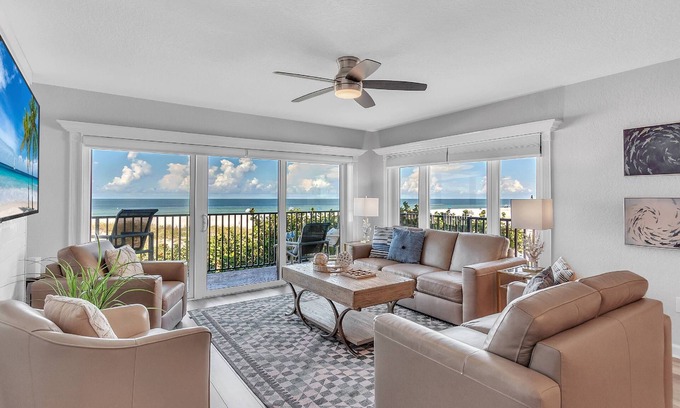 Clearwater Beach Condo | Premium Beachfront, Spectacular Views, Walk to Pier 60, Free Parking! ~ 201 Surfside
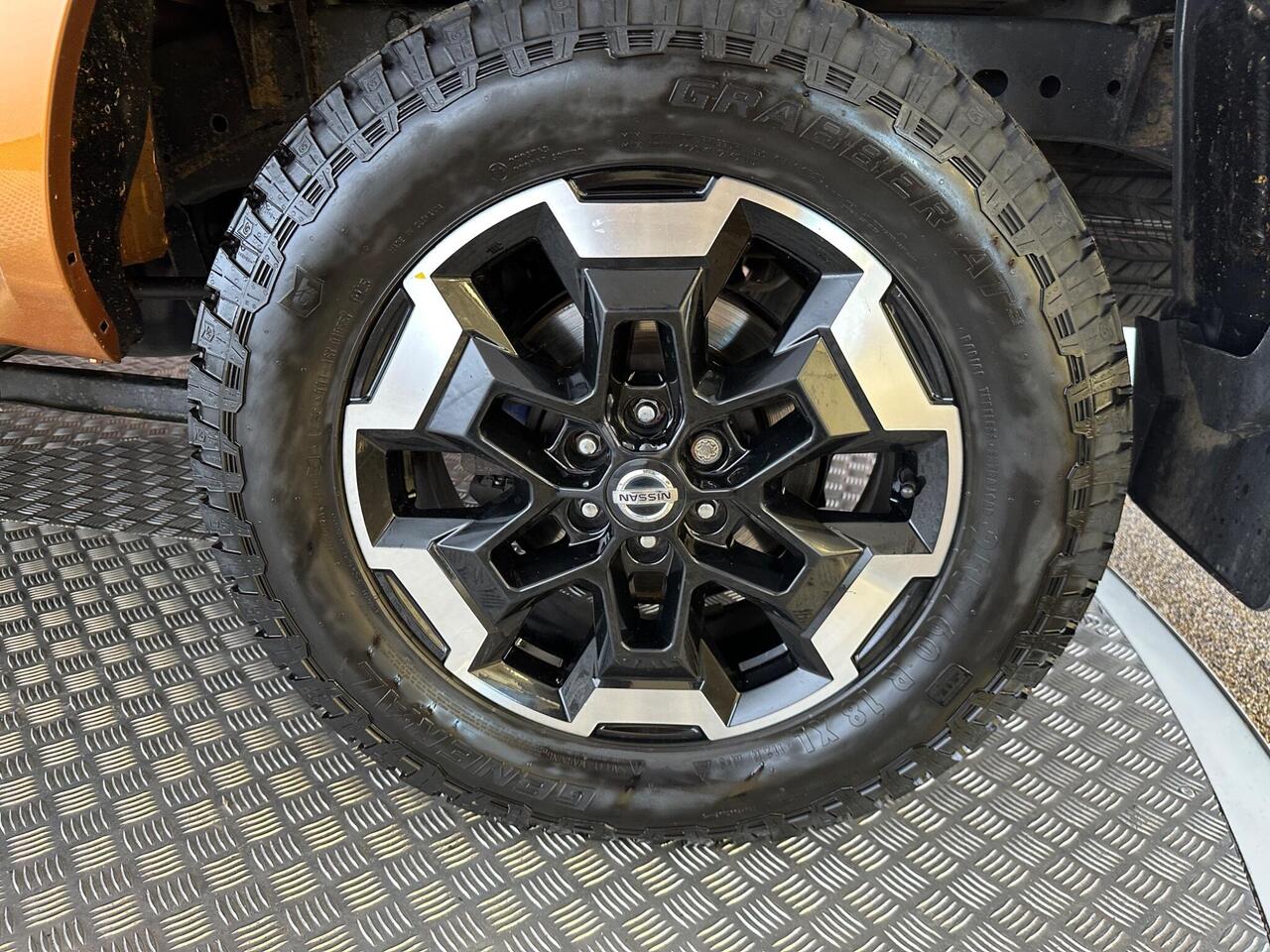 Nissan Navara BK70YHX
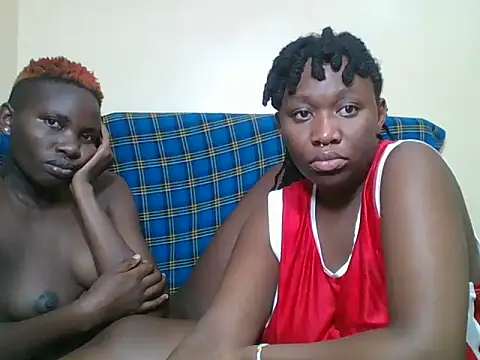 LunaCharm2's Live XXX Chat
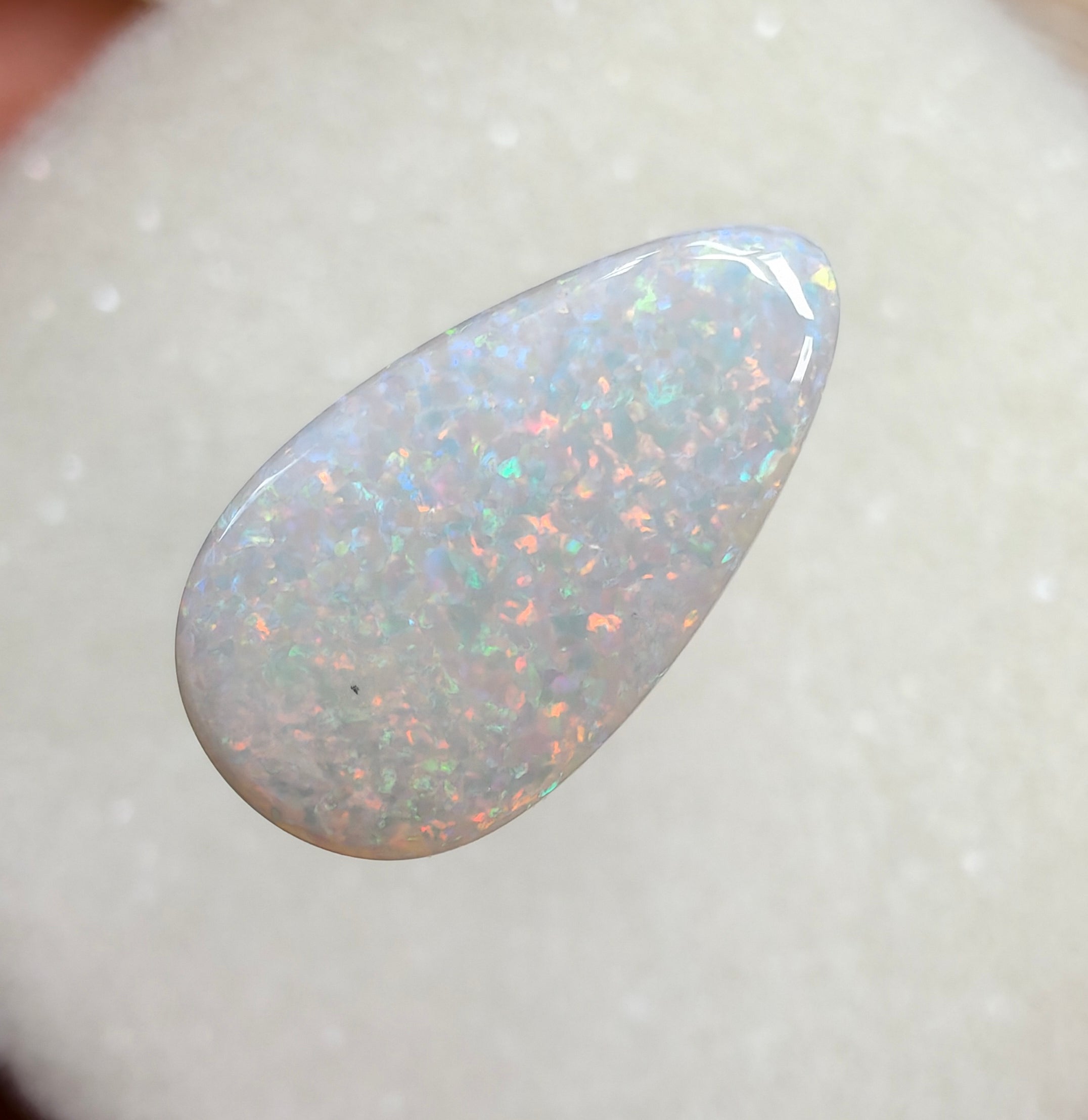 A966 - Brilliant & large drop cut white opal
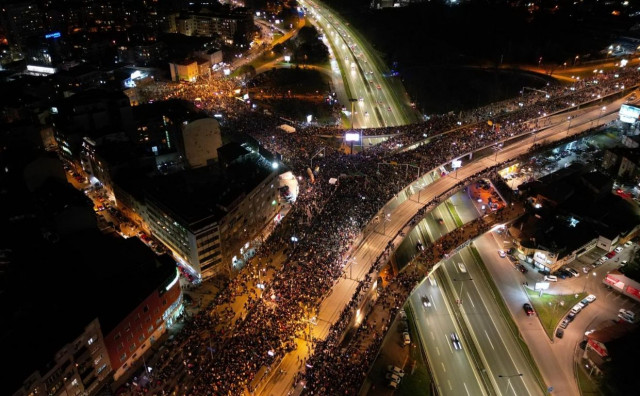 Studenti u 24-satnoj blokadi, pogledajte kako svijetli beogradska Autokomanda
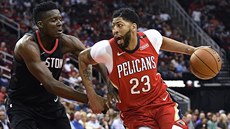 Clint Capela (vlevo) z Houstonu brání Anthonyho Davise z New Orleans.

What this task involves
Give all the records again, exactly, without images.

Answer to the exercise
 Clearwater Beach Condo | Premium Beachfront, Spectacular Views, Walk to Pier 60, Free Parking! ~ 201 Surfside
 Nissan Navara BK70YHX
 LunaCharm2's Live XXX Chat
 A966 - Brilliant & large drop cut white opal
 Studenti u 24-satnoj blokadi, pogledajte kako svijetli beogradska Autokomanda
 Clint Capela (vlevo) z Houstonu brání Anthonyho Davise z New Orleans.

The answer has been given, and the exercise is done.